The Jersey children homes scandal is of course horrific and a source of pain to many but what gets my goat is the sense of shock.

Abuse in institutions is well documented. The disabled people’s direct action network ran a ‘free our people’ campaign. It sought the closure of institutions and demanded the creation of independent living centres. Some danners still support this call. Royal commissions have been set up to investigate abuse of elders in nursing homes. There have been numerous court cases and dramas on tv about abuse in childrens homes.

Disabled people don’t necessarily want to be seen as vulnerable people. But we are sometimes vulnerable in different circumstances – as are we all. The social model of disability would suggest to some that we are particularly vulnerable in institutions. It suggests that the institutions depend on systems that grind down the best of us – staff and users. It causes familiarity and familiarity breeds contempt and contempt leads to abuse.

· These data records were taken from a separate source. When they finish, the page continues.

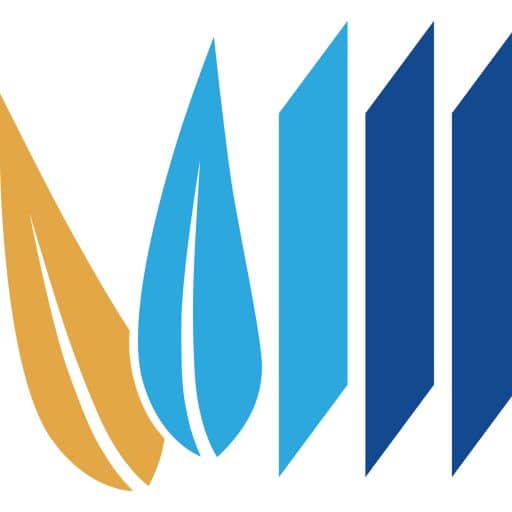 Sistemas Bioclimáticos place picture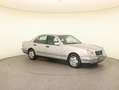 Mercedes-Benz E 290 Turbodiesel Classic Klimaautom+Heckrollo Silber - thumbnail 5
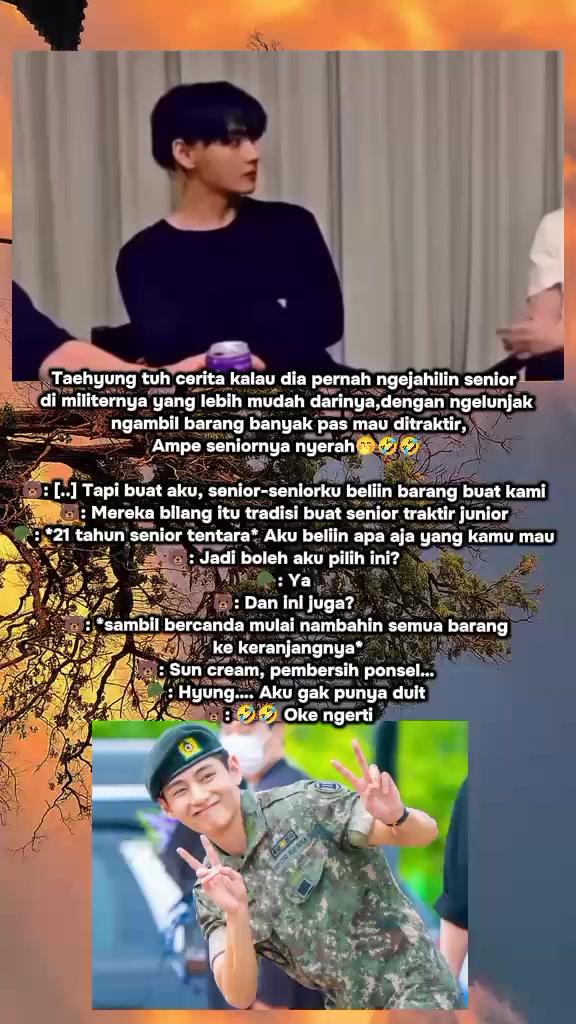 @Miil-jimin 🐣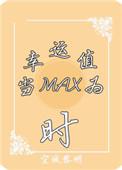 ֵΪmaxʱ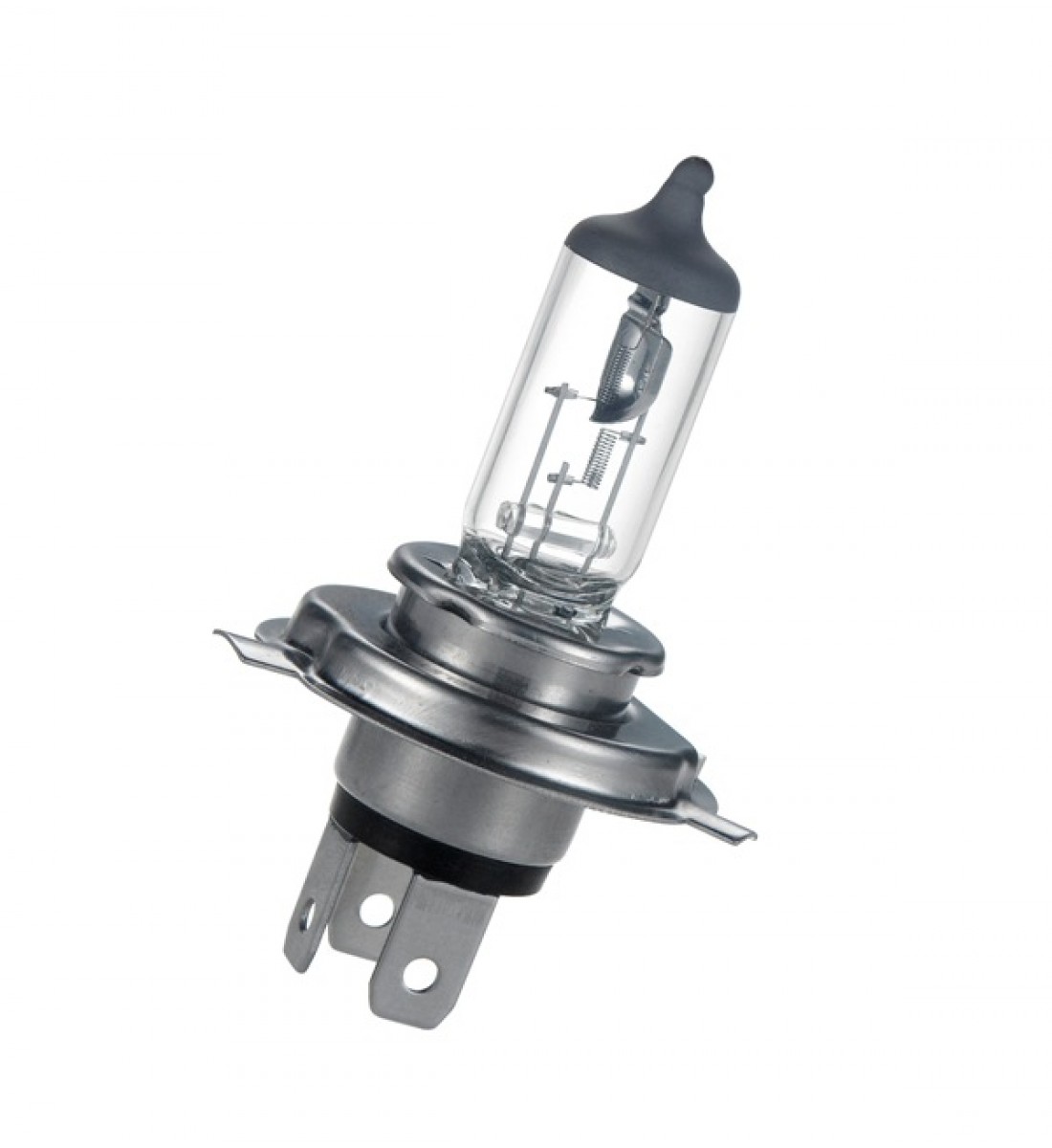 Bec Halogen Auto, H4, P43T, 70 W, 24V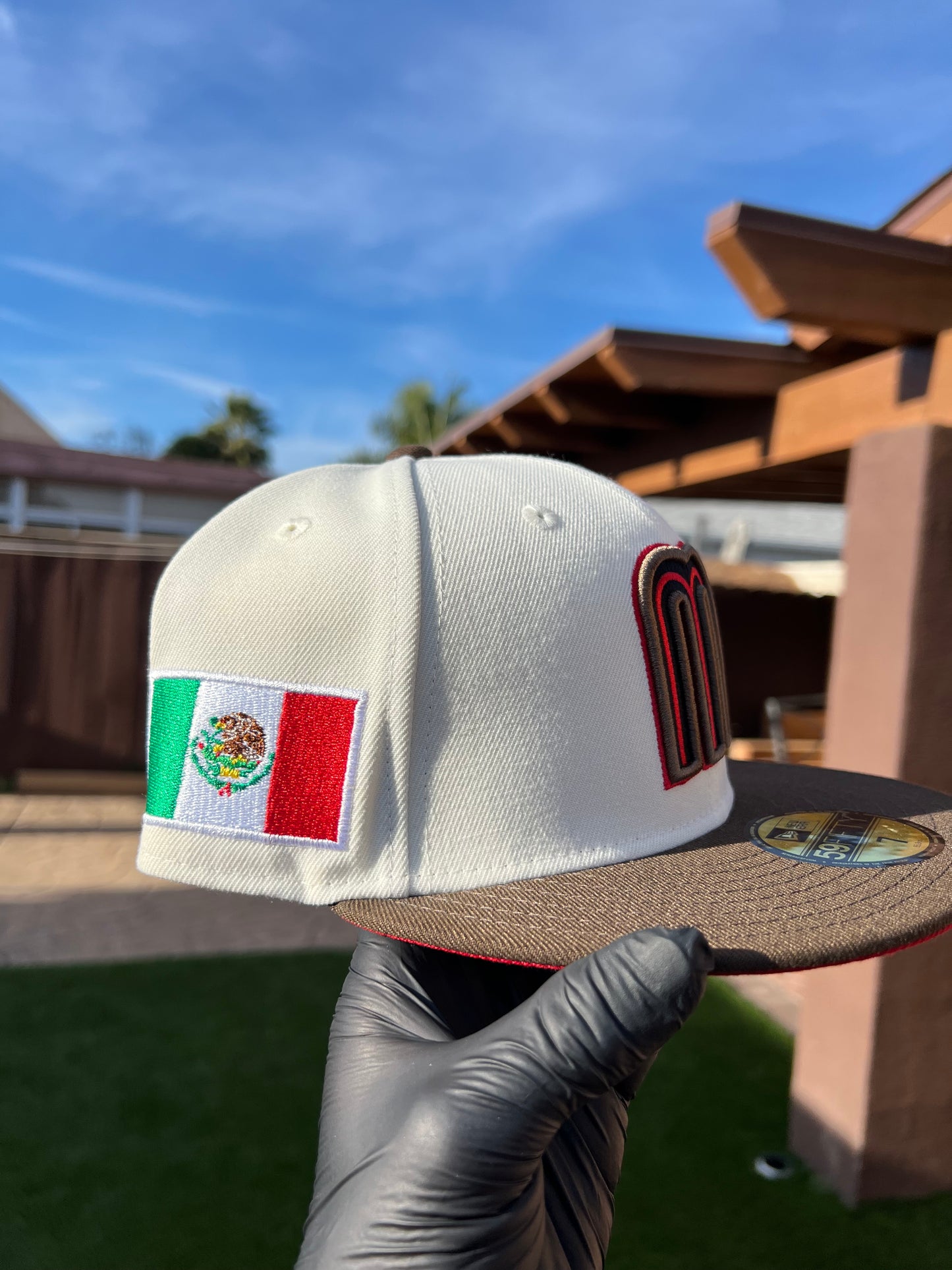 Mexico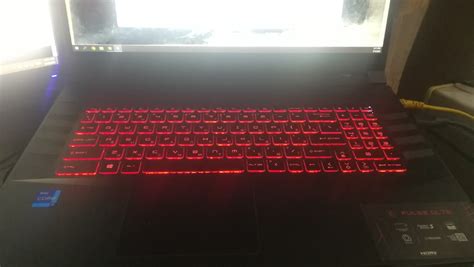 MSI Computer Keyboard Lights-এর ছবি ফলাফল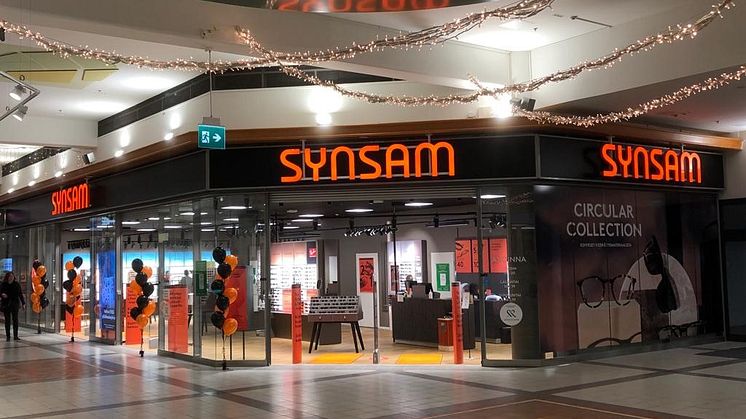 Synsam Mylly 1.jpg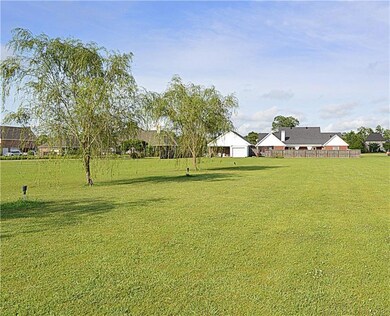 127 Columns Dr, Alexandria, LA 71303 - photo 5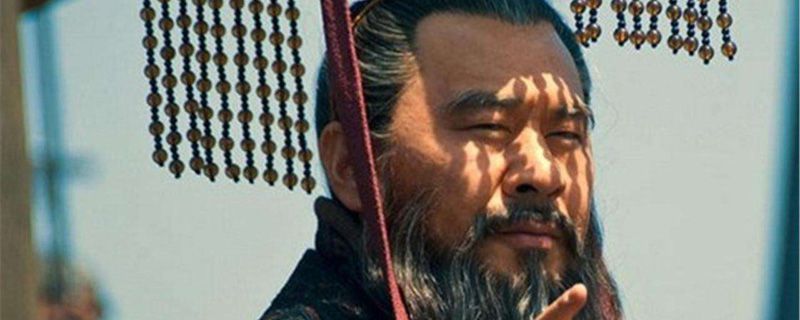 何以解忧下一句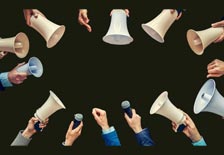 Czy dziaania public relations s dla MP? Jak je zaplanowa i na co zwraca uwag?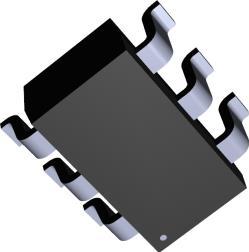 TSV620ILT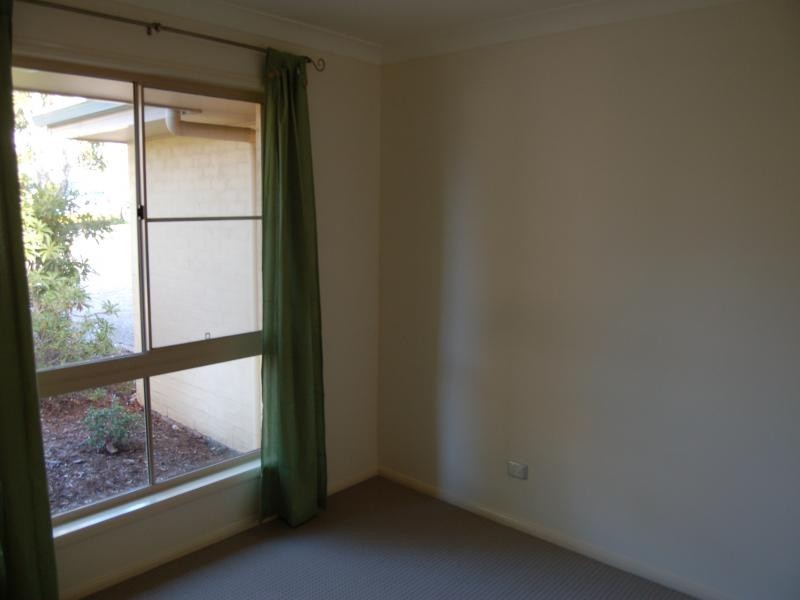 2 Wenlock Court, Murrumba Downs QLD 4503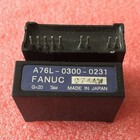 A76L-0300-0231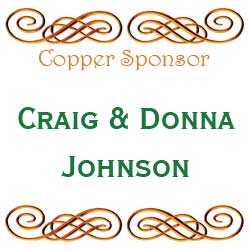 copper-sponsor-johnson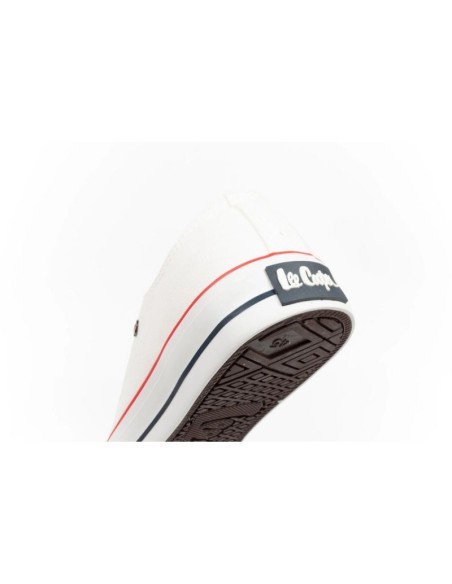 Lee Cooper M LCW22310874M shoes
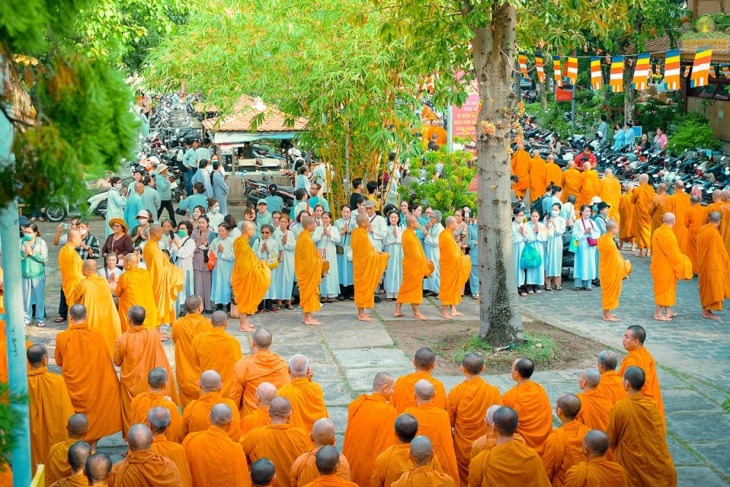 What Are The Religions In Vietnam ? Top 06 Main Religions In Vietnam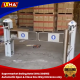 supermarket swing gate ixha xsg102 4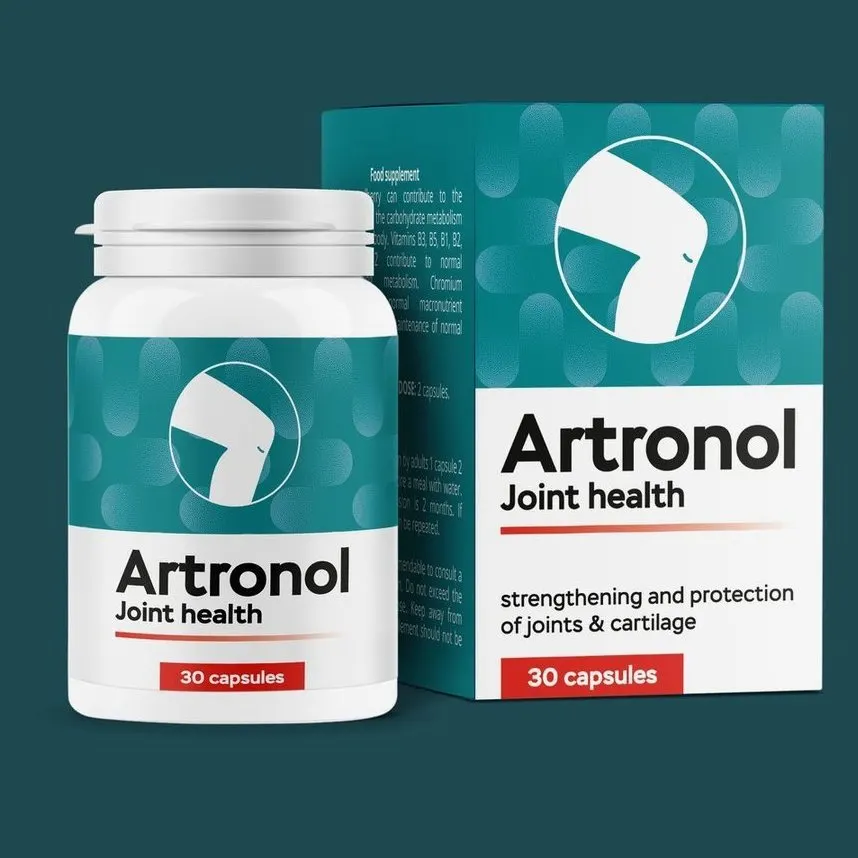 Artronol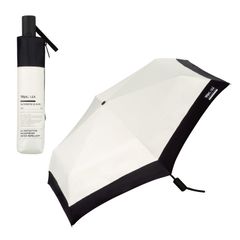 Item thumbnail for item 262b902c-d77b-4edb-a9ec-7ac003e32764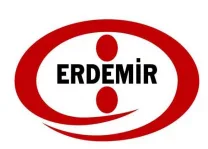 EREĞLİ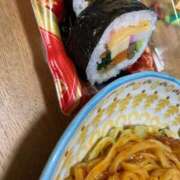 ヒメ日記 2026/01/20 13:06 投稿 大槻　あみ☆超癒し系美女 ～地元厳選美女がお出迎え～私の部屋にキテネ！トレビの泉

Only yesterday i was talking to a friend who told stories of personal abuse. He has been attacked many times on the streets just for being a disabled person. I reminded him the first time i met him he was complaining that a member of staff in an institution had kicked him in the head. He remembered this story and confirmed it. Which interested me greatly has i know he has been hiding it for years. When i asked him all those years ago if he had been kicked in the head he denied it. He didn’t want to get in any more trouble. This is how the wall of silence develops. this is how the institutions get away with it. the other tool they use is the idea of reliable witnesses. We are not treated like reliable witnesses. Policies and procedures are another good tool. Some agencies use them to defend their staff. You can normally spot them by how they respond to complaints.

Against this we need to balance the risks of independence. My friend was attacked more on the streets than he ever was in an institutional setting. Hate Crime is new on the police agenda and new to the legislation. What the social model might suggest here is that we know the risks of life outside. We need to talk to the policy makers and develop strategies for minimising the harm that it might cause. But more than this each and everyone of us needs to take personal responsibility. If we see it happening we need to intervene at a level that is best for us. Not all of us can stand up to what is happening but we can create diversions, we may be able to shout for help, we may be able to use our mobiles.

Abuse is bad. We have to stop it.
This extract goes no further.